The answer, according to David Fathers, Regional General Manager at Crown Records Management, may be simpler than you think.
"We're finding that a lot of businesses are realising that secure destruction can play an important part in their bid for compliance," he said.
"So many companies stock-pile data for no reason at all. Data which is beyond its use-by data, data which is no longer relevant to the business, data which is stored on formats which are no longer accessible.
"And even more commonly, physical data stored on paper and then sent to a warehouse never to be seen again.
"In the past this kind of data was not a big risk, it was effectively put away and forgotten about. Now, after GDPR, it's a very different environment.
"GDPR applies to physical data as well as digital data – so those boxes are suddenly a problem. And keeping data in formats which can longer be accessed is an issue too. How are you going to edit or delete personal data when you can't even get to it?
"Secure destruction is often the most cost-effective way to end the problem; and it's becoming an industry in itself."
Here are six reasons why destruction is now a good thing:
- Securely destroying out of date boxes can aid GDPR compliance and help avoid data breaches. It can save money in the long-term too because there is a cost attached to physical storage. Destroying a box normally costs around the same as the price of storage for one year.

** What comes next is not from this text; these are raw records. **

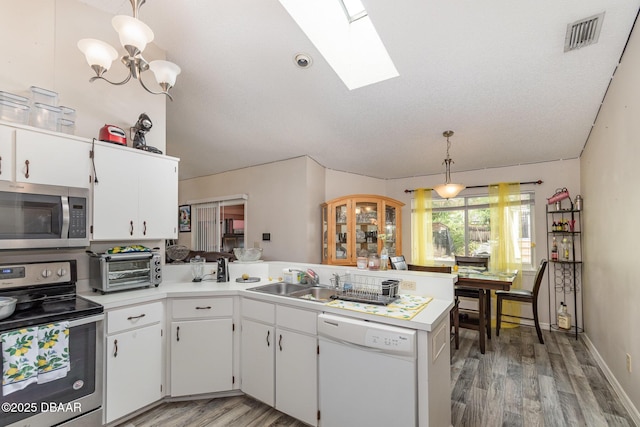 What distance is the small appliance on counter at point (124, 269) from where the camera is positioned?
2135 millimetres

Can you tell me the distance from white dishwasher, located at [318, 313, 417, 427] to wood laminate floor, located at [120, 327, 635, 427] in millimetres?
503

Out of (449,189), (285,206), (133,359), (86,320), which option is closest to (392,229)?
(449,189)

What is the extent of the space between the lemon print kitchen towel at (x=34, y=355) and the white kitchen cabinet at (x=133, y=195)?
0.73 meters

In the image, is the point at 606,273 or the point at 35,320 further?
the point at 606,273

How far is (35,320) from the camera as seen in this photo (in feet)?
5.16

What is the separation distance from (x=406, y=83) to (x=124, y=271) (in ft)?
9.38

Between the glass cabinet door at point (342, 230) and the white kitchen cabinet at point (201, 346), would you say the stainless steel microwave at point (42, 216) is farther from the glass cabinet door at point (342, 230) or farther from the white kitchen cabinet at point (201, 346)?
the glass cabinet door at point (342, 230)

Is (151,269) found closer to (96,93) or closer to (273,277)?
(273,277)

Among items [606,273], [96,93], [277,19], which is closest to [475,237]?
[606,273]

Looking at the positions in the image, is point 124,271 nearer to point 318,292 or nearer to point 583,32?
point 318,292

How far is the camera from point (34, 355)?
1.55m

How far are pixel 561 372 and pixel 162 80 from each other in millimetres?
4165

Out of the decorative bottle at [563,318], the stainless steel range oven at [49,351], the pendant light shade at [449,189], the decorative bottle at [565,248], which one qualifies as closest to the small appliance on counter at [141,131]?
the stainless steel range oven at [49,351]

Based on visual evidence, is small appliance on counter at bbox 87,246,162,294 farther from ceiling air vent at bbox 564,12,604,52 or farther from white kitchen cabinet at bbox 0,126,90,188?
ceiling air vent at bbox 564,12,604,52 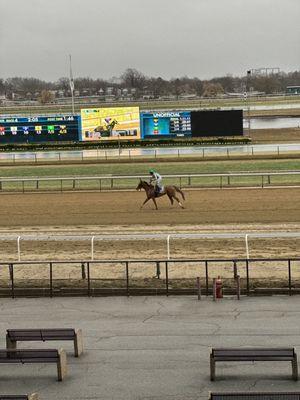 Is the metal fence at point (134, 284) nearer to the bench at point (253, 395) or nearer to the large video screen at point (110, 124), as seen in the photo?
the bench at point (253, 395)

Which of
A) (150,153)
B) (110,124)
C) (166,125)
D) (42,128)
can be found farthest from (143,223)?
(42,128)

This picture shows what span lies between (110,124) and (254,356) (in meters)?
42.3

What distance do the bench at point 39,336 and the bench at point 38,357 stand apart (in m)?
0.50

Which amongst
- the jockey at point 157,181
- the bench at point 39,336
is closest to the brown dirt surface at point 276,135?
the jockey at point 157,181

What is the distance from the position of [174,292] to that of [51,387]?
A: 4.83 meters

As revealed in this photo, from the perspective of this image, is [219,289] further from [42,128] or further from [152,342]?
[42,128]

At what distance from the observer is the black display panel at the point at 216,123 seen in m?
51.9

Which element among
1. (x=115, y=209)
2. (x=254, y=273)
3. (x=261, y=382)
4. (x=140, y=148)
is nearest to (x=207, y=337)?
(x=261, y=382)

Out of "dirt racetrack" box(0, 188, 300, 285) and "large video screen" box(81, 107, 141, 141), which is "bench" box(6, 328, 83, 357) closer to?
"dirt racetrack" box(0, 188, 300, 285)

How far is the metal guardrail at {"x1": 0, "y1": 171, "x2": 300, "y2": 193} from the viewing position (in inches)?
1185

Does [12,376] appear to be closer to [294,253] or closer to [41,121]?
[294,253]

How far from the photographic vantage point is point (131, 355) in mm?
11070

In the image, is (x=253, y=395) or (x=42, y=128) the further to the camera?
(x=42, y=128)

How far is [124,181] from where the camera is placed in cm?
3291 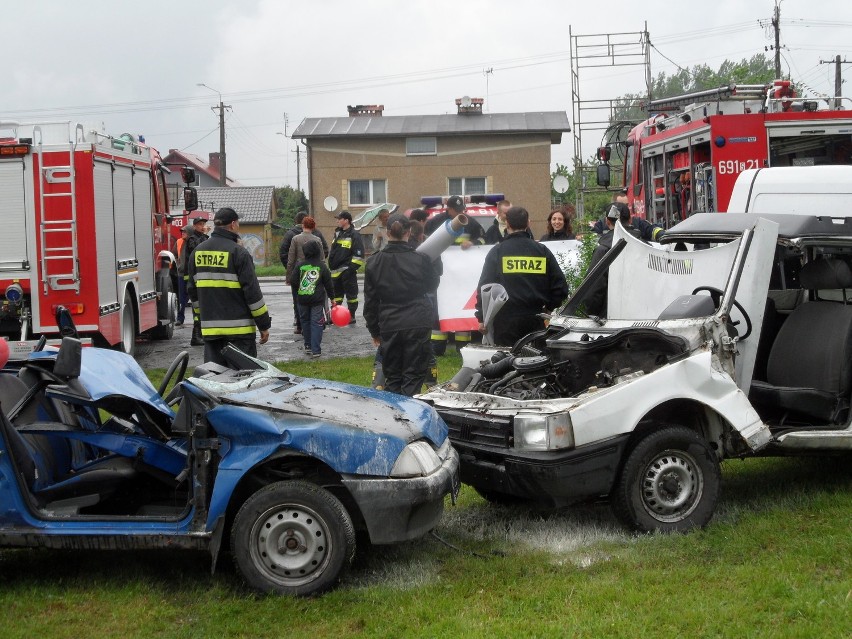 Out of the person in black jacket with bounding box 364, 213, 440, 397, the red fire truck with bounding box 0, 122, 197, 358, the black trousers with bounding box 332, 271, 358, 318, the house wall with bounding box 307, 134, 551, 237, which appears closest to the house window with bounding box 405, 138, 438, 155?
the house wall with bounding box 307, 134, 551, 237

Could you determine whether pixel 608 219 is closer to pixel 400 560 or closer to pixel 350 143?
pixel 400 560

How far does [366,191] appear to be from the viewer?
43.6 metres

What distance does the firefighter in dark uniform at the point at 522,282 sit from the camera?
26.4ft

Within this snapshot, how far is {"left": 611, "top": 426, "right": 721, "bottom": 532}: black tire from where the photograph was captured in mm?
5598

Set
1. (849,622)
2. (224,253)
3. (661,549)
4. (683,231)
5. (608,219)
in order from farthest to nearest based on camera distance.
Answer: (608,219), (224,253), (683,231), (661,549), (849,622)

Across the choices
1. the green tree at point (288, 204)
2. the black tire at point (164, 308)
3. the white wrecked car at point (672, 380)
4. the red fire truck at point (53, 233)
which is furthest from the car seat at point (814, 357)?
the green tree at point (288, 204)

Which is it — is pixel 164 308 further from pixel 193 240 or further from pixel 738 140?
pixel 738 140

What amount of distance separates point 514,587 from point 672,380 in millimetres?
1480

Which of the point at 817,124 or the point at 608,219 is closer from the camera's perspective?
the point at 608,219

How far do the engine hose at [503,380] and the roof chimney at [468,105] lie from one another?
1557 inches

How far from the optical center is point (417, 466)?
5.01 metres

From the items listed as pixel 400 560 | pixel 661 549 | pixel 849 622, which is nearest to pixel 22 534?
pixel 400 560

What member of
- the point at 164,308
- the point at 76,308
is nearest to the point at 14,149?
the point at 76,308

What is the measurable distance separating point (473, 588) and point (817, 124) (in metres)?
10.1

- Old office equipment can be a data risk and destroying it reduces the threat of data breaches. Multifunctional devices with hard drives such as copiers, scanners and printers can contain sensitive information such as copies of printed and scanned documents.
- Mobile phones, laptops and hard drives all contain huge amounts of personal data these days and secure destruction is the only certain way to prevent breaches.
- Secure destruction can have environmental benefits. Encouraging a paper-free office in the first place, for instance by restricting what information is printed and photocopied, is both sensible and environmentally-friendly. This equipment is a regular source of data breaches because it is so easy to lose track of data once it has been copied. Reducing the number of boxes in storage also has environmental benefits. Crown Records Management estimates that 2006 trees and 321 litres of water could be saved if the 350,000 boxes it holds that are past their 'destroy date' are securely destroyed.
- Having a secure destruction policy in place encourages businesses to consider what data they have and how long it needs to be kept for. Some data has to be kept for legal reasons but many businesses keep data longer than it is useful or needed.
- Secure destruction can help protect brands and intellectual property. The destruction of counterfeit goods and also retail goods such as clothing, shoes or books which have been misprinted or overprinted, is another growing aspect of the industry.